Despite her enthusiasm, though, most of Antoinette’s friends and family members were staunchly opposed to her pursuit of ordination. In fact, Lucy claimed in a blunt letter that Antoinette would “never be allowed to stand in a pulpit, nor to preach in a church, and certainly . . . never be ordained.”4 Though her feelings were bruised by her friend’s lack of support, Antoinette was not swayed in her determination to study theology. While Lucy moved on to the women’s rights public speaking circuit, Antoinette decided that she was not finished at Oberlin.

The Oberlin administration, however, refused Antoinette’s admission into the graduate theology program. While the college allowed women a general education, it still had no intention of training women for professions other than teaching.

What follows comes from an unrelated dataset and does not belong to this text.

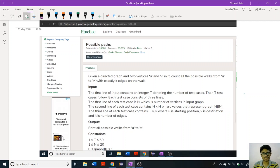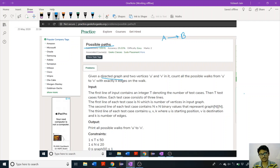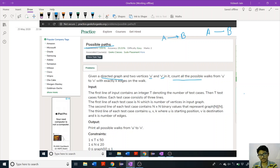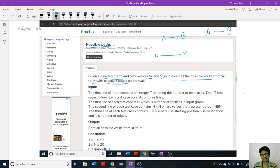Hi guys, welcome back to Algoats. Today in this video we are going to discuss a problem from GeeksForGeeks called 'Possible Paths'. In this problem we are given a directed graph, meaning if there is an edge from vertex A to vertex B we can only move from A to B, not B to A, unlike an undirected graph. We are given two vertices U and V and we have to count all possible walks or paths from U to V with exactly k edges.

Finally, after much haggling, Antoinette and the administration settled on an uneasy compromise: she was welcome to sit in on theology classes, but she would not be supported in her ultimate goal of obtaining an advanced degree. Although Antoinette continued to appeal Oberlin’s position during the three years she was enrolled in graduate school, she was not successful. When she completed her coursework in 1850, her name was not included in the official listing of the theology graduates. It would not be added until 1908.

Breaking Barriers

Although Antoinette spoke frequently in favor of both women’s rights and the temperance movement, she considered herself first and foremost a Christian speaker, even at the risk of alienating her female companions. Lucy Stone and Elizabeth Cady Stanton eventually abandoned the church, concluding that religion was detrimental to the cause of women’s rights. Even Lucretia Mott, a Quaker whose views aligned with Antoinette’s, considered discussion of the Bible a waste of time. But for Antoinette, God and his Word were not simply a part of her public speaking platform; they were the whole focus. She viewed her faith as a fundamental part of her identity and a source of personal strength, which is why she did not abandon her goal of becoming an ordained minister in favor of becoming a women’s rights activist. Antoinette did not aspire simply to be a public speaker; she yearned to speak specifically about God and his Word.

As a result of these convictions, Antoinette turned her attention elsewhere when she failed to convince Oberlin’s administrators to ordain her. In 1853, after hearing her speak, a small Congregational church in South Butler, New York, invited Antoinette to become their pastor. On September 15, a huge crowd of friends and supporters gathered in the chapel to witness the historic occasion, the magnitude of which was not lost on Antoinette herself. “It seemed to me a very solemn thing when our three deacons and these clergymen all stood around me each placing a hand upon my head or shoulder and gravely admitting me into the ranks of ministry,” she said.5 For a salary of three hundred dollars a year, Antoinette was expected to preach two sermons every Sunday and minister to the sick and troubled members of the congregation.

News of the historic ordination spread like wildfire, and while some reactions were favorable, most were not. Few of Antoinette’s female contemporaries, including Susan B. Anthony, considered her ministerial role beneficial in furthering the women’s rights movement. They viewed her ambitions suspiciously, skeptical of her desire to expand women’s opportunities in what they considered the antifeminist hierarchy of the church. Other friends and family regarded her ministerial work as downright bizarre and wondered why she couldn’t have chosen a more acceptable profession like teaching.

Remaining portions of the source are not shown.